The problem for me with this is—I like writing. Actually writing. I like writing until my hand is shaking and my forearm is cramped. I like the excitement of not being able to get the words from my head to my shaky hand to the page as fast as my mind is thinking them. I cannot get this experience when I type. Indeed, the facility with which I can generate computer word count has an adversarial, almost dulling, effect on my mind. My purpose is no longer to write well and to feel energy from the physical act, but to get in and out of the process as quickly, as painlessly, as possible—with the least amount of disruption to the rest of my day.
Get it up/Get it in/ Get it out/ Don’t mess my hair-do, as some old friends of mine used to sing to the tune of “Rawhide”.
Writing this way also, it seems to me, neutralizes any actual left-handedness. Does a lefty still write like a lefty when they’re typing?
I don’t think so.
The joy of being left-handed is about having to figure out for yourself how your body and mind are trying to work this thing out, because however it is that right-handed people are teaching you, that’s not going to work. When you forget that, the best you can hope for is to become a passable simulation of something that you are not, destined forever to make your body and mind work in ways that don’t come naturally to you.
It's not just in the realm of the writing where my new approach is to return to the old approach. I’ve had it with life online and personal computers. I exited social media ten years ago. I abandoned mobile technology last year. Yet most every day—these past ten years—started in front of a computer. I see no way you could be a full-time professor and not live like this—it’s a professional necessity. Logging onto Windows while making coffee—the two actions are entirely habitual at this point—so ingrained that they feel fully natural in the most innate, organic sense possible.

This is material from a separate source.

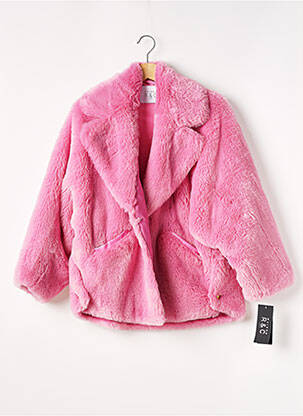 Manteau court rose MAISON R & C pour femme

And, I almost think, if I didn’t still possess after something like 32 moves in my 35 years as a grown-up, two sturdy plastic containers consisting mostly of notebooks like this, I’d have forgotten. To the extent that anything I’ve written survives me it will largely because of my obstinate, left-handed preference for writing by hand even when doing so—probably especially because doing so—is cumbersome and clumsy—a lot like me.
Was Cumbersome and Clumsy
Would be about the kindness epithet I could hope for at this point.

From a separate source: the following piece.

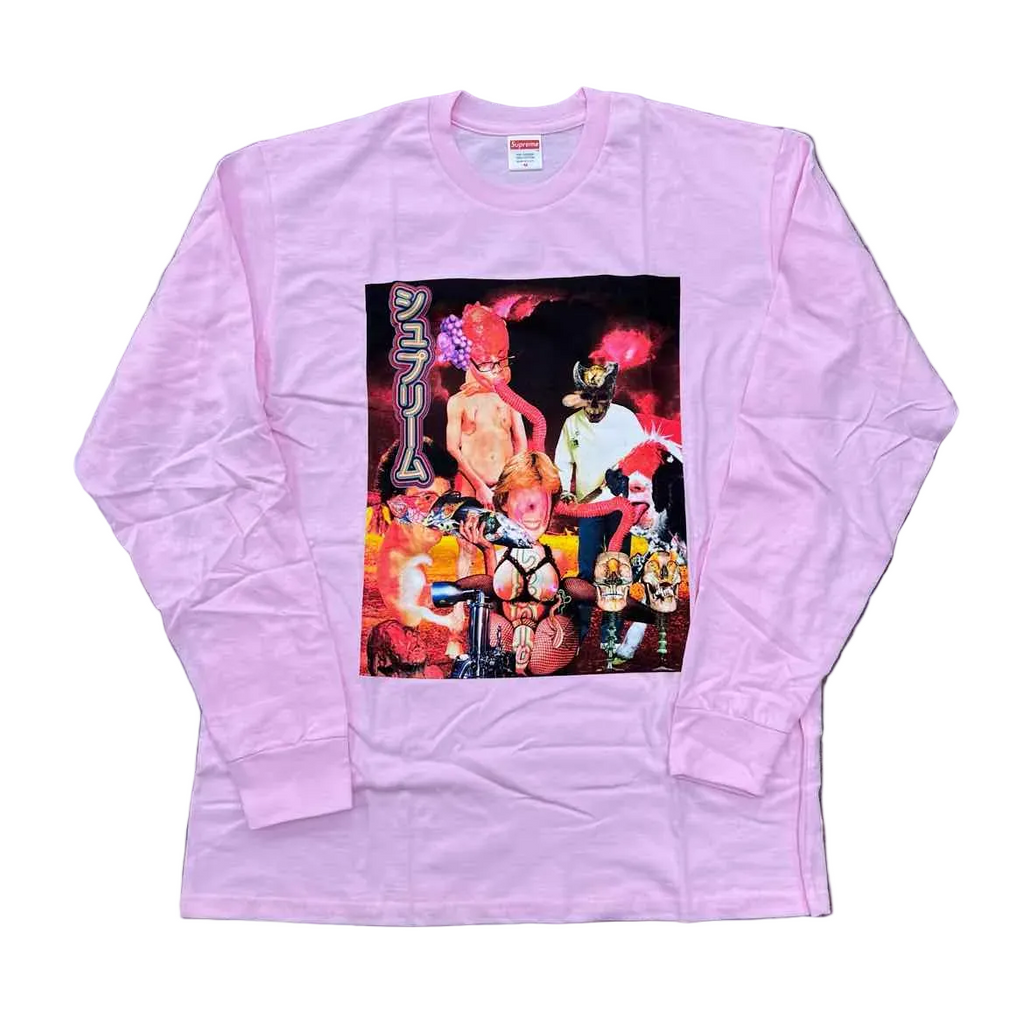 Supreme Long Sleeve "SEKINTANI" Pink New Size M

My notebooks (in addition to reminding me that for decades I started, ended and middled a lot days not online, but just dicking around in the old moleskin—as they say) also offer proof that I can write poorly in all of the formats. But even the bad writing in notebooks still provided me with a good writing experience. If nothing else these notebooks collect for me time that would otherwise have been squandered in ways not recapturable.
This is not the case with the three novels I composed directly to the keyboard. If they exist, I never see them. Each of them I wrote so quickly that I hardly recall what they were about. I can’t, in the moment at the end of a long, writing session, remember the names of many of the characters. I doubt that Alexandre Dumas ever forgot the name Edmond Dantes. My copy is 875 pages and these are pages slogged out with writing utensils that required, one would imagine, a pace considerably slower even than the one this ballpoint presently allows me. Half the pleasure of reading Monte Cristo is imagining Dumas in Paris, 1846 scribbling in messy ink by candlelight a story so engrossing he just couldn’t stop and all the while never suspecting that the words he was leaving behind him would live 200 years after he was gone. How could anyone suspect such a thing? Two hundred years from now puts us at exactly the year 2I Can’t Even Envision What Kind of Pants People Will Be Wearing, in the name of our lord, A.D.

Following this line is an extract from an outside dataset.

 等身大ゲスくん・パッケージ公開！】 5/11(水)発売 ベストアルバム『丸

I feel like the only thing I can safely say about that year is that my writing on Substack is not going to be one of the things that has made it. Not because of its merits (or, in the case of most of my recent contributions there/here, lack thereof) but because the writing on Substack, like most of the writing on the internet, is not writing at all—but rather its technological simulation. As with many computer simulations, what the computer can do outstrips what the human is capable of. Computer writing allows us to write in a painless way that our brains can’t fully, reliably or adequately keep up with. It produces expertly formatted essays containing incomplete thoughts produced too quickly and offered to the public without the intellectual digestion writing by hand requires.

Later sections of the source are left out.